L'immeuble de 1938 comme une verrue sur un beau visage!
De vieilles photos et cartes postales nous permettent de garder souvenir de ce qu'était ce début de rue avant que Beynat n'en fasse son domaine et ne dévore un à un ses voisins.
Nous voyons sur ce cliché l'Hôtel du Tertre qui porte encore le nom de Bouscarat, "Le Rendez-vous des cochers" (maison Poncier) et avant la rue Saint-Rustique "Le Rendez-vous des Amis".
Nous avons déjà rencontré le "Rendez-vous des Cochers" en écrivant l'histoire de l'Hôtel du Tertre.

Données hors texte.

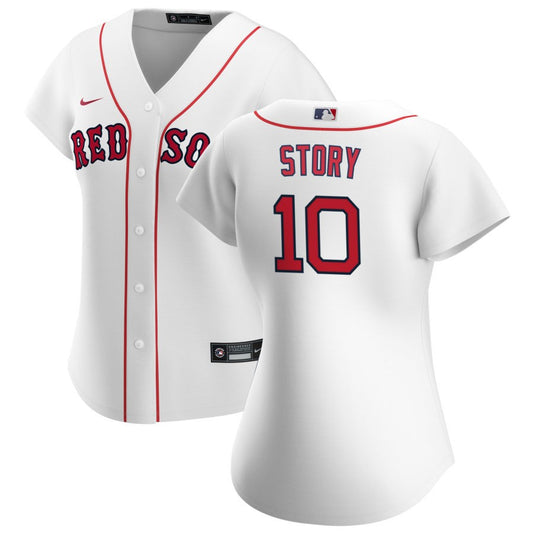 Trevor Story Boston Red Sox Nike Women's Home Replica Jersey - White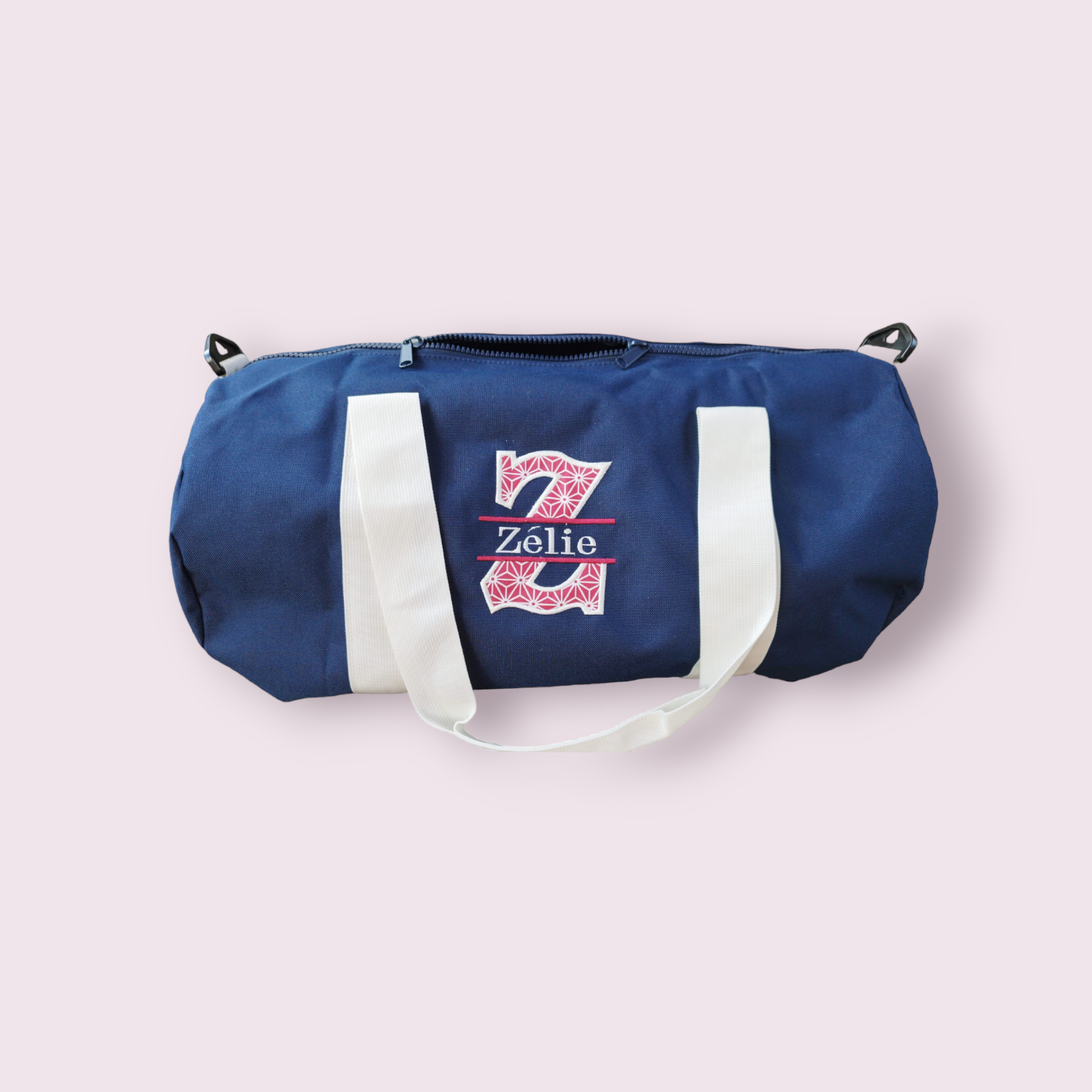 Sac polochon brodé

Nous savons qu'il appartenait au Père Poncier et qu'il abrita au rez-de-chaussée une mercerie-librairie-papeterie qui délaissa les livres pour devenir débit de boissons.
Nous pouvons constater que "le Rendez-vous des cochers" a fini par abandonner les cochers pour attirer le chaland en se targuant d'être "le Sommet de la Capitale".
Les deux immeubles mitoyens "Sommet de la capitale" et voisin, ne faisaient qu'un seul numéro, le 3, malgré leurs différences (fenêtres, toiture).
Aujourd'hui ils forment un seul bloc dont les volets ont disparu et dont le pittoresque a été malmené.
Le 5 enfin est rentré dans l'alignement bohémien. Il faut de très bons yeux pour dénicher la plaque qui nous rappelle qu'il fut honoré de la visite régulière pendant une quinzaine d'années de Valadon et Utrillo venus en voisins de la rue Cortot.
Les dates paraissent un peu fantaisistes, à la mode montmartroise,
Ce qui est avéré, c'est que le restaurant faisait également office (comme de nombreux restaurants montmartrois) de débit de boissons.
Le Rendez-vous des amis devint "Le Moulin Joyeux" puis "Les Coulisses" jusqu'au jour de 1968 où il ne sut résister à la boulimie de La Bohème qui l'engloba tout entier!
Le Moulin Joyeux
Les Coulisses
Maintenant, tout le début de rue est uniformisé par La Bohème.
Pour nous consoler, réjouissons-nous que les petits immeubles des 3 et 5 n'aient pas été rasés pour s'aligner sur le vilain 2!
La mode moche (et paraît-il efficace pour attirer le chaland) n'épargne pas la Bohême. Actuellement, elle croule sous des fleurs en plastique et des nounours.
Et pour parachever le vandalisme, des fresques écrasantes assombrissent de leurs couleurs sinistres, prétendu hommage à Lautrec, tout le début de la rue St Rustique sur les murs latéraux de la Bohême. Elles consternent les habitants qui n'ont pas été consultés et font du cœur de Montmartre un disneyland prétentieux et épais.
La Bohême!
Destin hégémonique que celui de cet établissement dont le nom évocateur de pauvreté et d'artistes fauchés ferait sourire Aznavour qui vécut rue St Rustique....
Aznavour rue Cortot
Laissons lui dernier mot :
"La Bohême, ça ne veut plus rien dire du tout"!